Kollam Rentha
- Type: Lace
- Material: Cotton
- Place of origin: Eravipuram, Kollam, Kerala

= Kollam Rentha =

 Kollam Rentha (കൊല്ലം റേന്ത) is a type of bobbin lace created around the Eravipuram area of Kollam. Rentha is derived from the Portuguese word for lace, renda. Five centuries have passed since this craft reached the coastal areas of Eravipuram.

==History==
From 1515 to 1544, a few Portuguese nobles lived in Eravipuram. It is assumed that the local women learned this art from the Portuguese ladies who were engaged in making rentha as a creative and leisure pursuit. The art form of Rentha, handed down from generation to generation, is confined to a few houses along the coastal streets of Eravipuram.

==Work==
Rentha making in these areas is done primarily by women, and entirely by hand without the use of machinery. The main manufacturing materials are motu needle and thread. Rentha is made on the outside of a circular pillow made of coir. First, the design drawn on paper is fixed on to the pillow by nailing the knotted needle at the specified positions. The yarn-wrapped bobbins are tied to the knot needles with yarn. The lace is constructed when the bobbins are moved by the dexterity of the hand movements. Veerla is made from pieces of wood three and a half inches long. Frocks, table cloths, window curtains, chair backs, bed sheets, pillow covers, caps, meter laces, etc. are made in this way.
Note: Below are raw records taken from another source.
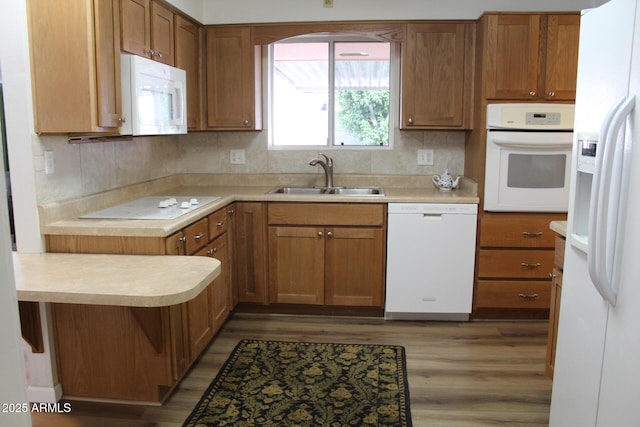 235 N 61st Pl, Mesa, AZ 85205 - kitchen featuring white appliances, a sink, wood finished floors, and light countertops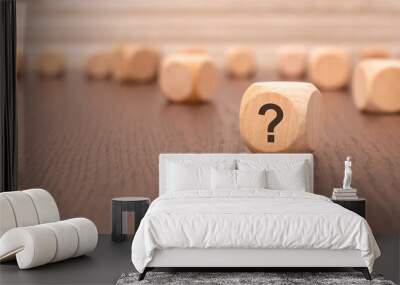 one wooden block with a question mark and a reflection from the table surface Wall mural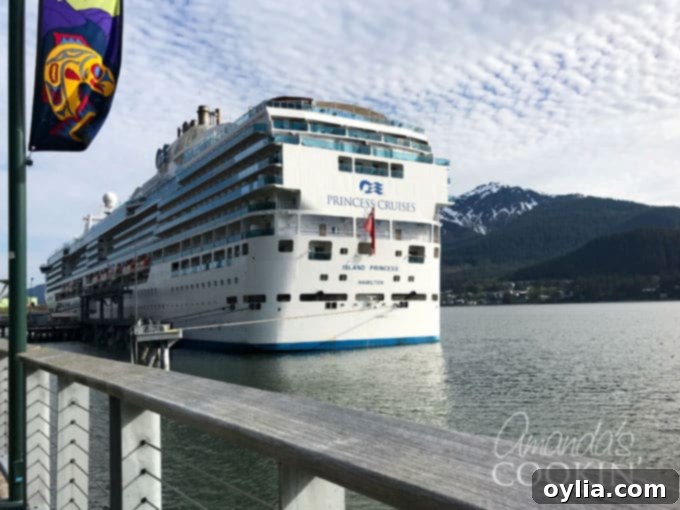 The Island Princess cruise ship docked in Juneau, Alaska, against a scenic backdrop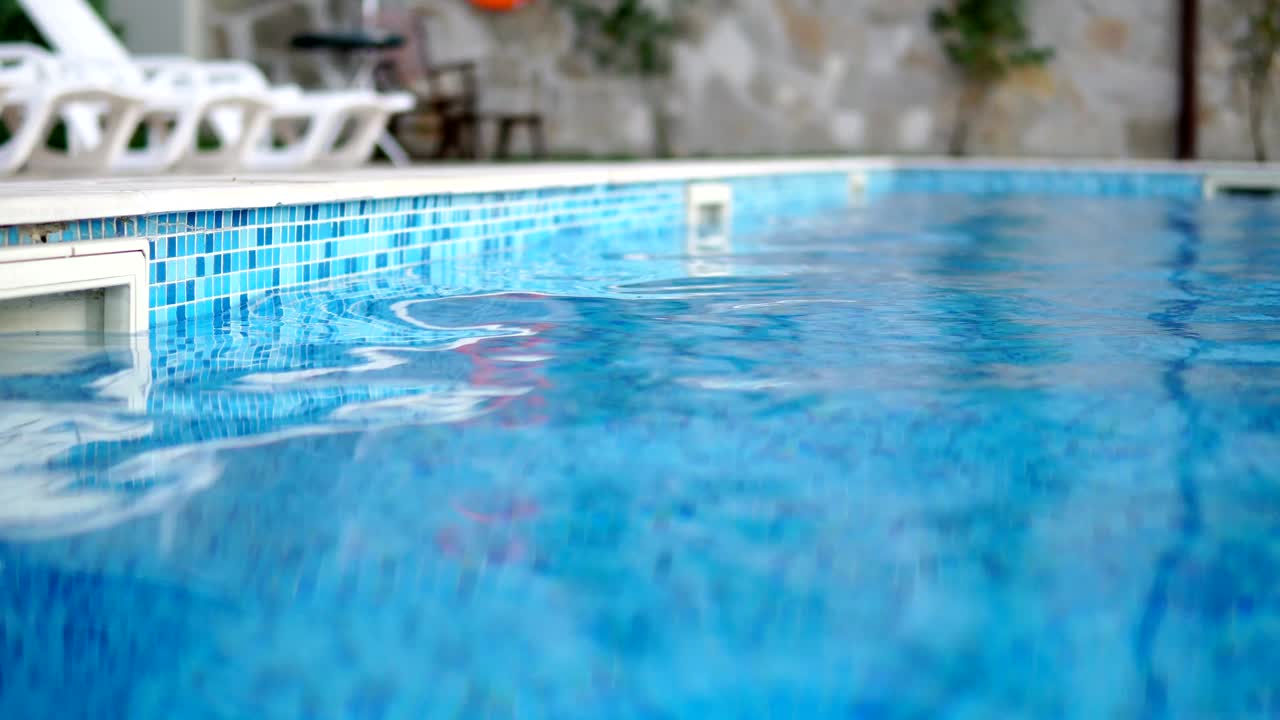 Swimming Pool. Hotel, Summer, Vacation, Sport, Waves, Tourism, Travel, Relax, Resort. Background LOOP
Rentha making was a cottage industry for the people of Eravipuram until 1969 when a group called the Women Cottage Industrial Cooperative Society was started in Eravipuram to nurture and protect the cottage industry. Rentha was exported to Belgium and America. White lace was in good demand abroad. Now the work of this group has stopped.

Meticulousness and neatness are desirable elements of rentha construction. If not done correctly, the intended design will not form on the canvas.